Saisie le 19 mai par la défense, qui dénonçait l’illégalité de son arrestation, la Chambre a certes reconnu la recevabilité formelle de la requête, mais l’a rejetée sur le fond. « La Chambre a préféré ignorer les moyens juridiques présentés », a déclaré Me Kadjilembaye Francis, porte-parole du collectif des avocats, exprimant sa déception face à une décision perçue comme politique.
Arrêté à son domicile à N’Djamena le 16 mai, Succès Masra est poursuivi pour incitation à la haine, révolte, complicité et assassinat en lien avec les violences survenues dans le canton Mandakaou. Ces accusations, graves et encore en phase d’instruction, interviennent dans un climat politique tendu, à quelques mois d’échéances électorales sensibles. Masra, figure montante de l’opposition, avait été nommé Premier ministre de transition avant de se retirer et de reprendre ses activités d’opposant.

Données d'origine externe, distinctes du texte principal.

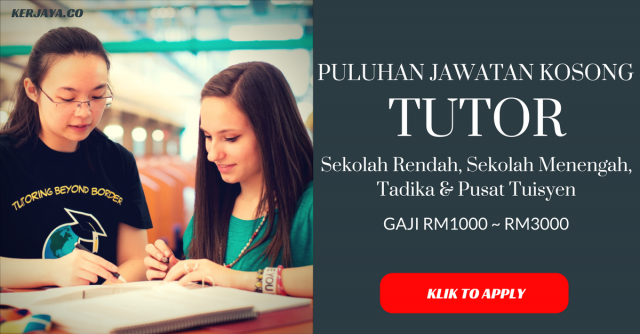 Ambilan Terkini TUTOR ~ 104 Jawatan Pelbagai Negeri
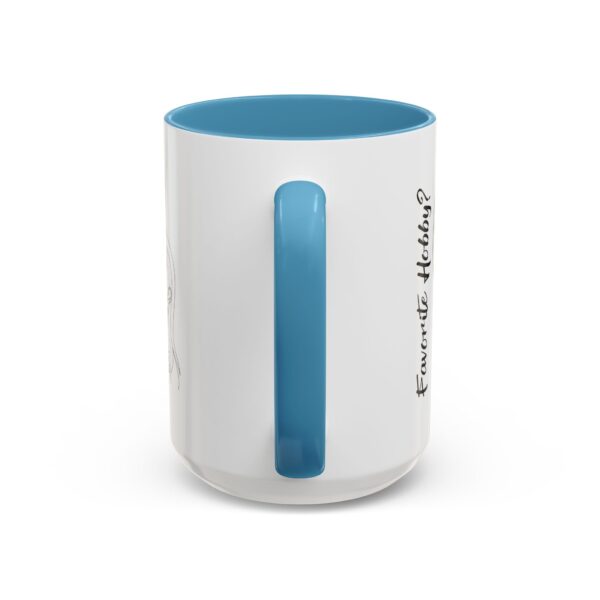Accent Coffee Mug | Plant Lovers Design 'Favorite Hobby' | Available in 11oz & 15oz | White Ceramic with Colored Interior & Handle - Image 40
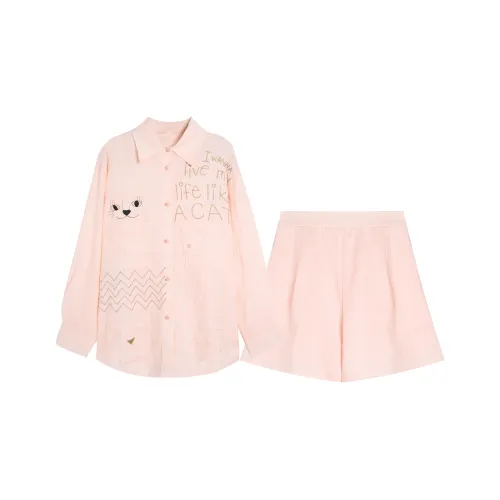 GZQJ Розовый Унисекс Повседневные костюмы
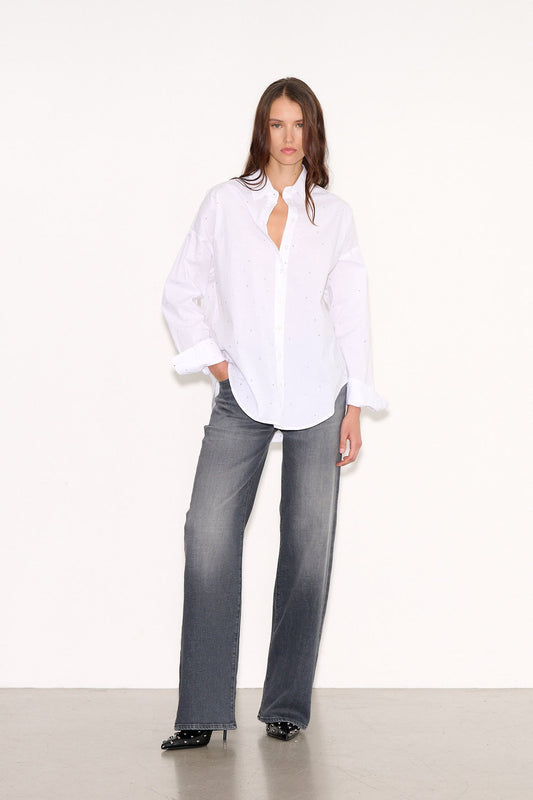 Achat Chemise COURTNEY STRASS BLANC - School Rag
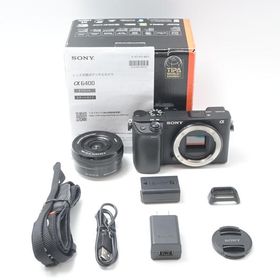 ソニー SONY α6400 パワーズームレンズキット ILCE-6400L B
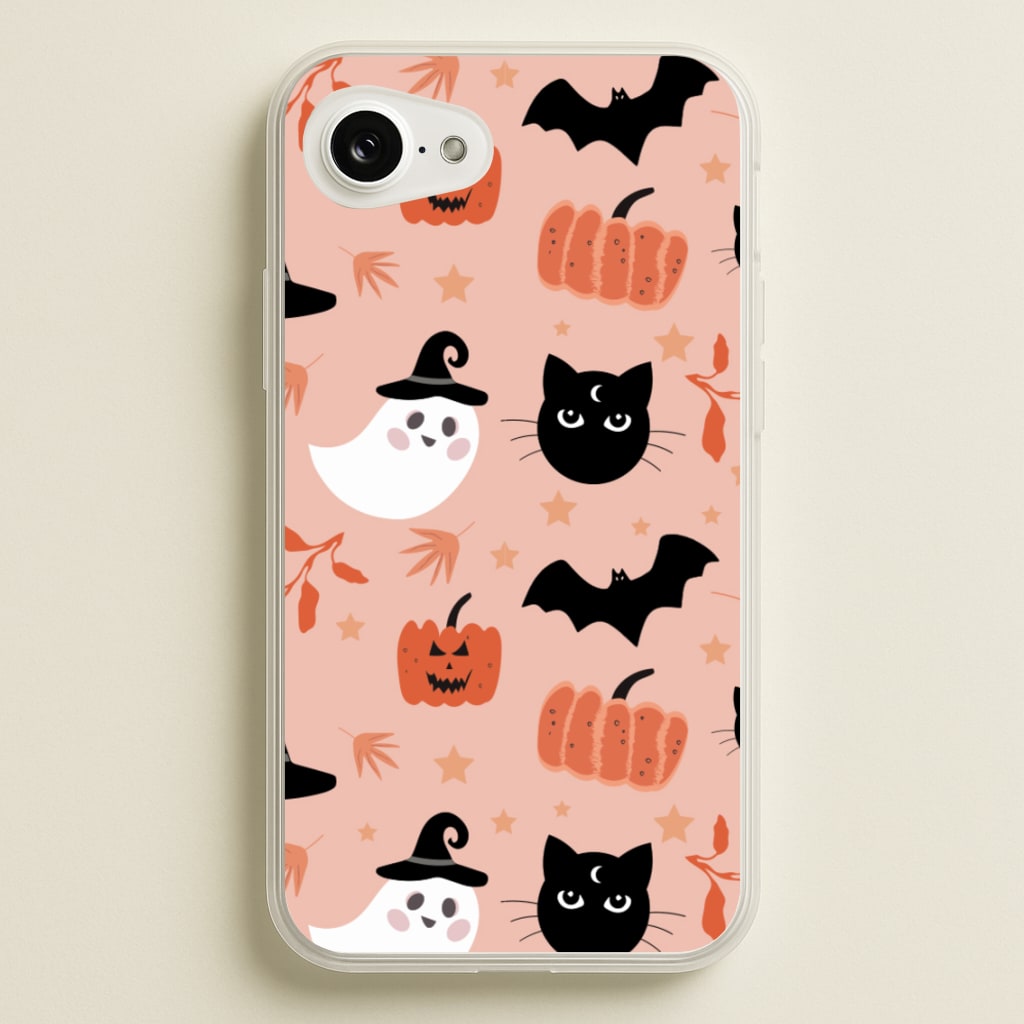 Pretty Pink Halloween Pattern - Halloween Phone Case for iPhone 16e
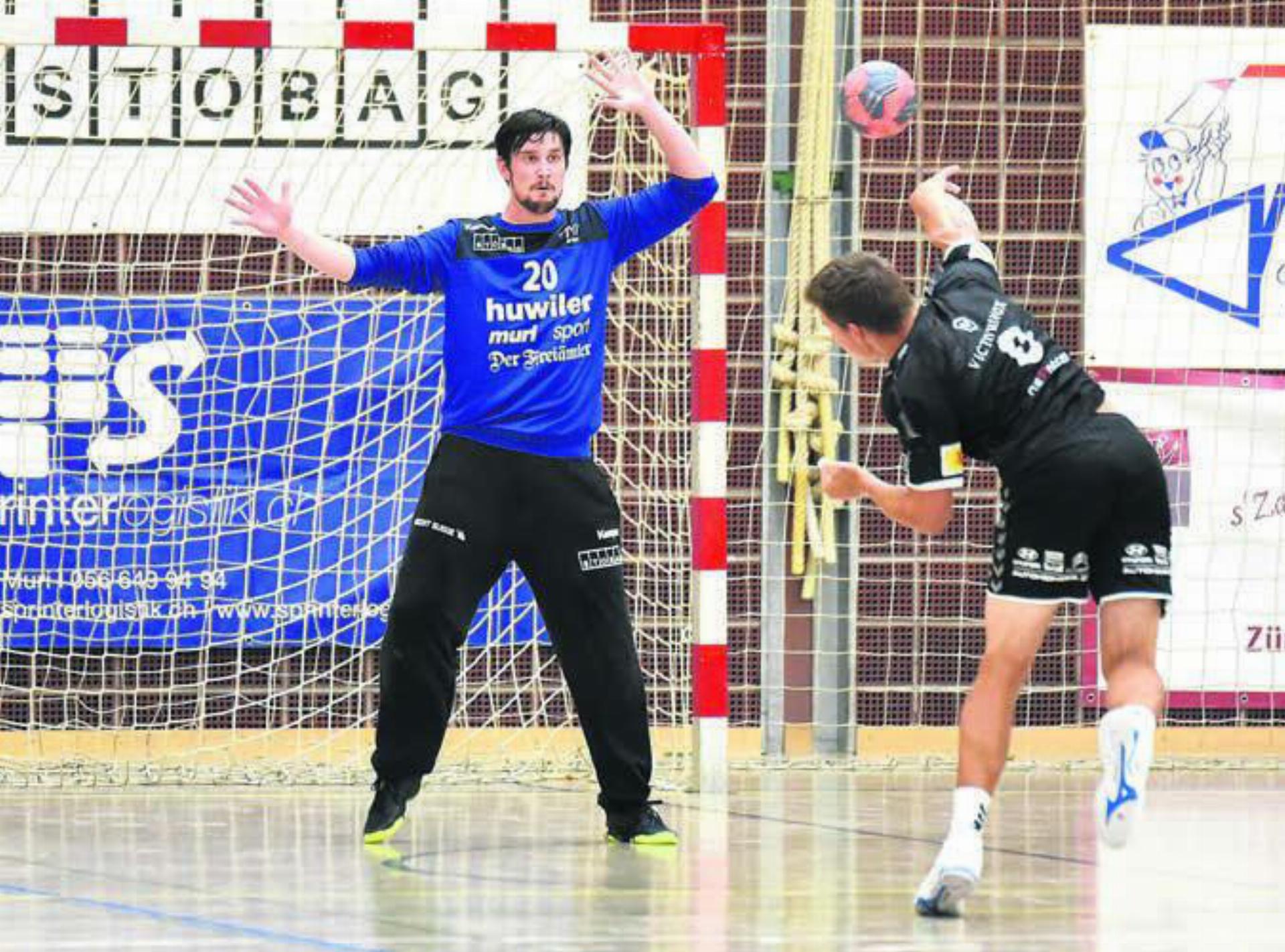 Der Neuzugang im Tor: Kim Davidson spielte einst in der höchsten Liga Finnlands und steht nun beim TV Muri zwischen den Pfosten. Bild: tvm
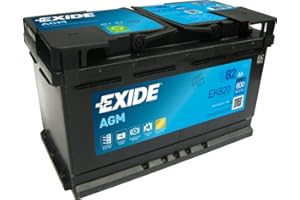 EXIDE 82Ah 800A AGM EK820 AGM L4 Starterbatterie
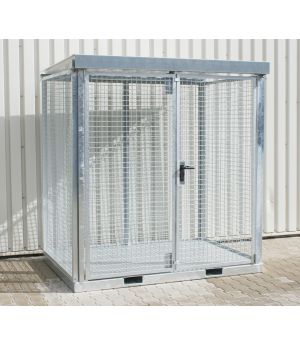 Gasflaschen-Container GFC-E/T M2, für 45 Gasflaschen, 2180×1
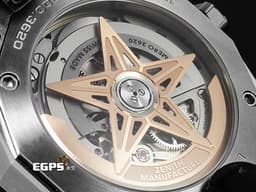 ZENITH 真力時 DEFY Skyline Skeleton 天際線系列 03.9300.3620/80.I001 不鏽鋼材質&nbsp;<font color="#4169e1">高振頻 10秒 旋風秒針</font>&nbsp;<font color="#cdcbcb">ZENITH四芒星鏤空面盤</font> <font color="#FF0000">2025年卡 附贈快拆式橡膠錶帶</font> 自動上鍊 41mm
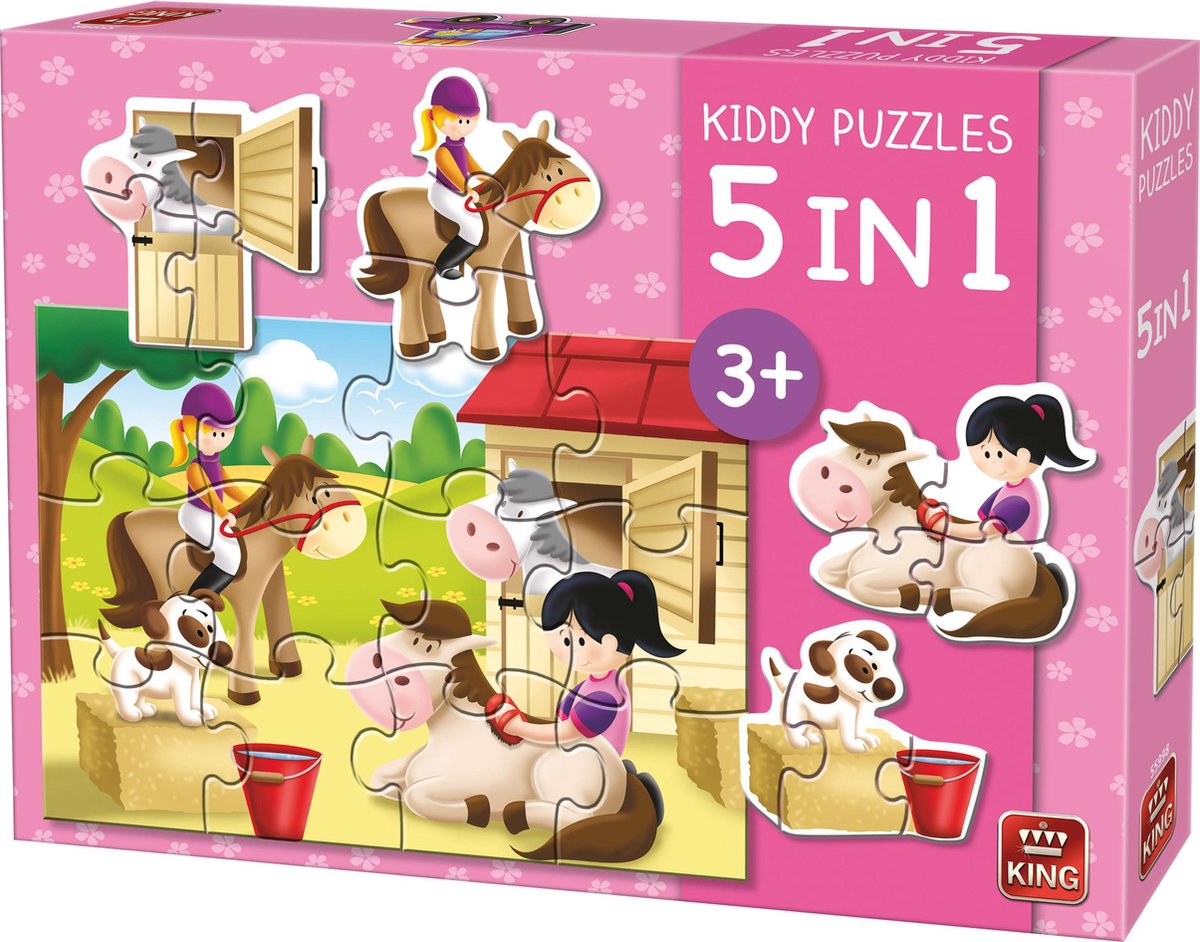 King 5 In 1 Puzzle Kiddy Horse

Ce maintien en détention s’inscrit dans une dynamique de répression accrue contre les figures critiques du pouvoir. Depuis le retour de Mahamat Idriss Déby à la présidence, plusieurs opposants ont été arrêtés, exilés ou empêchés de s’exprimer. La procédure contre Masra semble s’inscrire dans cette logique, selon ses proches, qui évoquent une instrumentalisation de la justice à des fins politiques.
La défense entend poursuivre ses recours et pourrait saisir d’autres juridictions, y compris internationales, pour contester cette détention qu’elle juge arbitraire. En parallèle, les appels à la mobilisation se multiplient dans les rangs de l’opposition, même si les autorités renforcent leur contrôle sécuritaire dans la capitale.
Le sort de Succès Masra dépasse désormais le cadre judiciaire. Il incarne le sort réservé à une opposition qui tente d’exister dans un espace politique verrouillé. Sa détention prolongée risque d’exacerber les tensions internes, alors que le pays peine à construire un consensus autour de la transition politique engagée depuis 2021.